Ancak şu gerçek, tahmin edilenden daha fazla önemsendi toplum tarafından: Tecrübe. Her biri farklı tecrübeleri temsil eden isimlerin, üç dönem kuralı nedeniyle aktif siyasetten uzaklaşması, pek de farkında olmadığımız endişeleri tetiklemiş olmalı. AK Parti’nin, siyasetin güçlenmesi ve geçmişte devlet içindeki farklı unsurlar üzerinden baskı altında tutulan alanlarda gerçekleştirdiği özgürleştirme hamleleri, bugün geriye dönülmesi düşünülemeyecek bir demokratik çıtayı ülkeye kazandırdı.

Ancak devletin kodlarını bilen ve bunların zor zamanlarda nasıl refleksler ortaya çıkardığını öngörebilen isimlerin yanı sıra; varlığı ve duruşu ile topluma güven telkin eden isimlerin de partide yer almasının önemi, son seçimlerde ortaya çıktı.

En az bunlar kadar, hatta daha önemli bir diğer başlık, teşkilat disiplini ile daima bir adım önde olan AK Parti’nin özellikle son seçimlerde bu alanda sorun yaşaması. Yine tarif ettiğimiz aynı tecrübenin burada devreye gireceğini söyleyebiliriz. ‘ (Star, 14 Eylül 2015)

Bu listede tecrübe başlığı altında söylenecekler, belki birkaç ayrıntıyla ifade edilebilir.
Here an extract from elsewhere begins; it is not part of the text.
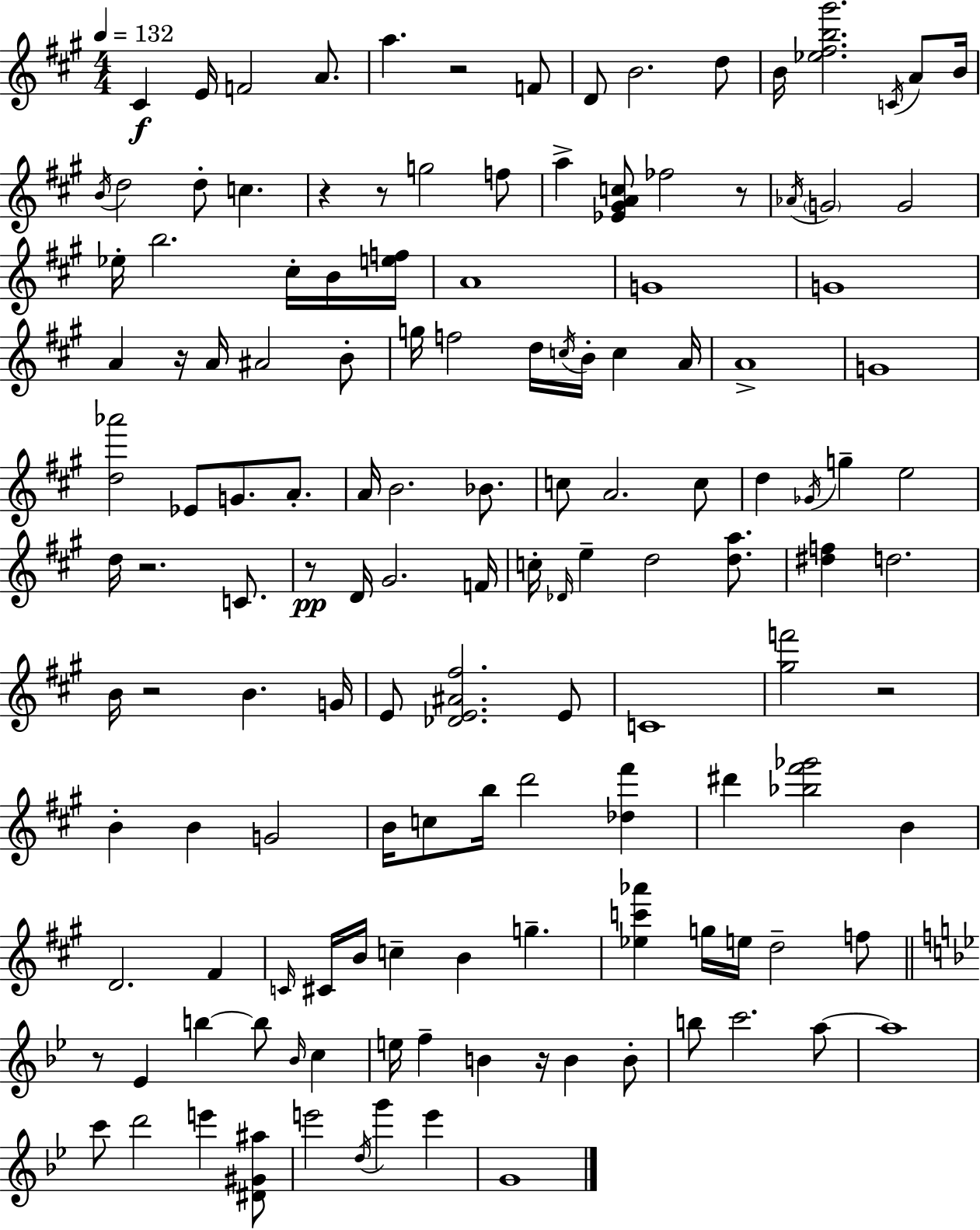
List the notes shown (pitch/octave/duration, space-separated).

C#4/q E4/s F4/h A4/e. A5/q. R/h F4/e D4/e B4/h. D5/e B4/s [Eb5,F#5,B5,G#6]/h. C4/s A4/e B4/s B4/s D5/h D5/e C5/q. R/q R/e G5/h F5/e A5/q [Eb4,G#4,A4,C5]/e FES5/h R/e Ab4/s G4/h G4/h Eb5/s B5/h. C#5/s B4/s [E5,F5]/s A4/w G4/w G4/w A4/q R/s A4/s A#4/h B4/e G5/s F5/h D5/s C5/s B4/s C5/q A4/s A4/w G4/w [D5,Ab6]/h Eb4/e G4/e. A4/e. A4/s B4/h. Bb4/e. C5/e A4/h. C5/e D5/q Gb4/s G5/q E5/h D5/s R/h. C4/e. R/e D4/s G#4/h. F4/s C5/s Db4/s E5/q D5/h [D5,A5]/e. [D#5,F5]/q D5/h. B4/s R/h B4/q. G4/s E4/e [Db4,E4,A#4,F#5]/h. E4/e C4/w [G#5,F6]/h R/h B4/q B4/q G4/h B4/s C5/e B5/s D6/h [Db5,F#6]/q D#6/q [Bb5,F#6,Gb6]/h B4/q D4/h. F#4/q C4/s C#4/s B4/s C5/q B4/q G5/q. [Eb5,C6,Ab6]/q G5/s E5/s D5/h F5/e R/e Eb4/q B5/q B5/e Bb4/s C5/q E5/s F5/q B4/q R/s B4/q B4/e B5/e C6/h. A5/e A5/w C6/e D6/h E6/q [D#4,G#4,A#5]/e E6/h D5/s G6/q E6/q G4/w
Devlet tecrübesi, uluslararası itibar, teşkilat geçmişi ve elbette toplumsal karşılık.

Bir noktanın daha altını çizmekte yarar var. Sözgelimi Mehdi Eker’in İstanbul üçüncü bölgeden birinci sırada aday gösterilmesi, AK Parti’nin İstanbul’da yaşadığı ciddi kayıpları doğru analiz ettiğini gösteriyor.

Liste üzerinden söylenebilecek pekçok söz var. Ama yıllar sonra İsmail Kahraman’ın yeniden birinci sıradan aday olması, herhalde sembolik değeri yüksek bir hamle olsa gerek.  

Aday listesinde en fazla değişiklik yapan parti AK Parti. Böyle bir hamle sandıkta nasıl karşılık bulacak, toplum uzun zamandır ve yakından tanıdığı isimler üzerinden önüne çıkan bu tabloyu nasıl değerlendirecek? Kısa bir zaman kaldı bunları görmemize. Ancak sıkıntılı dönemlerde tecrübenin ve güvenin her zamankinden daha fazla önem taşıdığını dikkate alırsak, AK Parti’nin hayli sağlam bir kurguyla tekrar seçime gittiğini söyleyebiliriz.